[[ Data supplied, beginning ]]

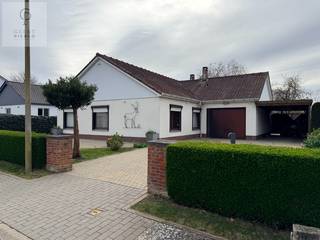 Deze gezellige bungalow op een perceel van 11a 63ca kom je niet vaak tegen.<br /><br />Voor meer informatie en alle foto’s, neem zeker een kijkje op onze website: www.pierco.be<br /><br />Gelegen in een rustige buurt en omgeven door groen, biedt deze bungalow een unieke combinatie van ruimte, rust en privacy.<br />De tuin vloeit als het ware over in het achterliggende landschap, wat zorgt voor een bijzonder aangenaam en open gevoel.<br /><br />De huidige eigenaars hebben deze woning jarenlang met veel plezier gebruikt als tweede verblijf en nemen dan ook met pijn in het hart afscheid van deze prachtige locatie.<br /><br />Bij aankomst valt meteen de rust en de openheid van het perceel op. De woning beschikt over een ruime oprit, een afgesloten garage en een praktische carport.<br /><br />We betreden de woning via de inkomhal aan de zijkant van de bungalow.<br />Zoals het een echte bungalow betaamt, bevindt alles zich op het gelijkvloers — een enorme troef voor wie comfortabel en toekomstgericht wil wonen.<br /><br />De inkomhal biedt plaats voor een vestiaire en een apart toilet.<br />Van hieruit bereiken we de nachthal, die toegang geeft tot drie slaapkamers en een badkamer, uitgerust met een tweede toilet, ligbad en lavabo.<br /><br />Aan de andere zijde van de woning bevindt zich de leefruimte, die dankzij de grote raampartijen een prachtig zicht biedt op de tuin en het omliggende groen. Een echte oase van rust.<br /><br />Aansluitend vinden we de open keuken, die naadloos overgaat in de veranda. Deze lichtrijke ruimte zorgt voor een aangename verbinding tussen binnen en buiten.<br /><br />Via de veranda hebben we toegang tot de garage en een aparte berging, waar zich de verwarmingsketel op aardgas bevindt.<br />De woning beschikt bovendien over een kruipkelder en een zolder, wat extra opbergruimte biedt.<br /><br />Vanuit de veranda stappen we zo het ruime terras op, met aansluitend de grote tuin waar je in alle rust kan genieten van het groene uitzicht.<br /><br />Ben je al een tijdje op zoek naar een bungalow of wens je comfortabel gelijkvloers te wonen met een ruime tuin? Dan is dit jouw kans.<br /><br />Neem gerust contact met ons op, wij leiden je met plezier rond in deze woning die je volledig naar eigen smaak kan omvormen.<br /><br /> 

[[ Data supplied, end ]]
[[ Data supplied, beginning ]]

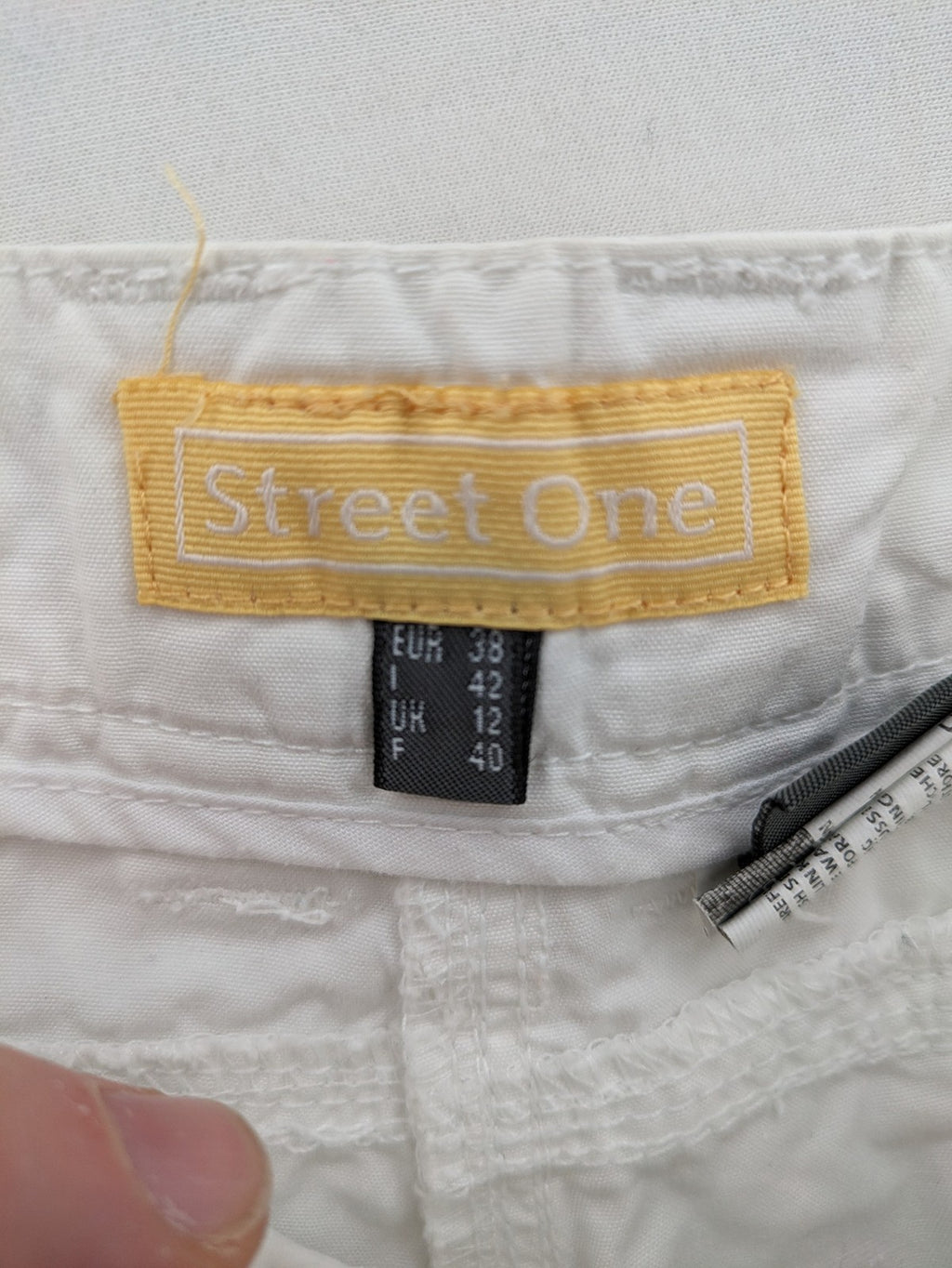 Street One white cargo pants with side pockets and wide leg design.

[[ Data supplied, end ]]
[[ Data supplied, beginning ]]

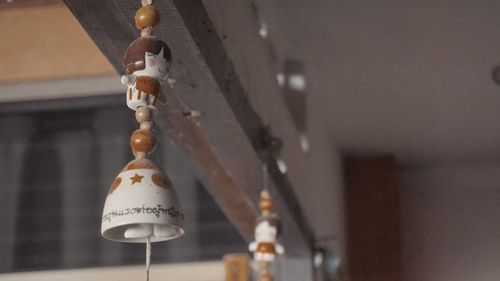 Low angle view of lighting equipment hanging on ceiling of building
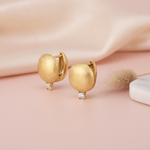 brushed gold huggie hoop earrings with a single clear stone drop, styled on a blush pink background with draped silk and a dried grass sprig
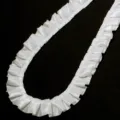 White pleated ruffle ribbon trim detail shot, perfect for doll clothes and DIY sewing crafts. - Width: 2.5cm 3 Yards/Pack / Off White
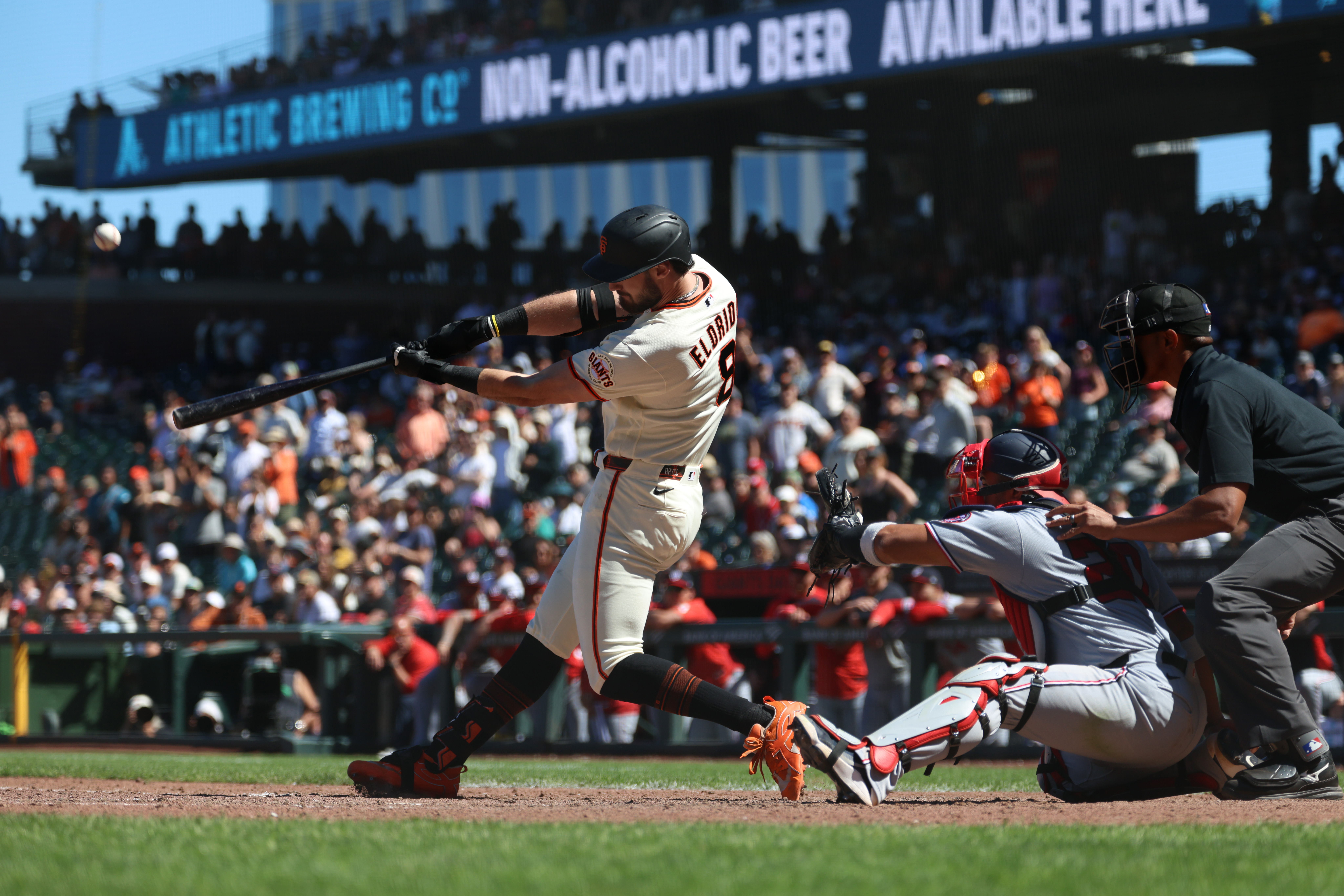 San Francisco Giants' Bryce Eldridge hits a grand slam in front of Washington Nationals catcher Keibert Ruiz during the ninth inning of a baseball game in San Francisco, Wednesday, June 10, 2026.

[[ Data supplied, end ]]

* **What this task involves**: Taking the entries above, copy word for word the lines from the one with "brushed gold huggie" up to and including the one with "White pleated ruffle", without any picture.

* **Solution below**:
 brushed gold huggie hoop earrings with a single clear stone drop, styled on a blush pink background with draped silk and a dried grass sprig
 White pleated ruffle ribbon trim detail shot, perfect for doll clothes and DIY sewing crafts. - Width: 2.5cm 3 Yards/Pack / Off White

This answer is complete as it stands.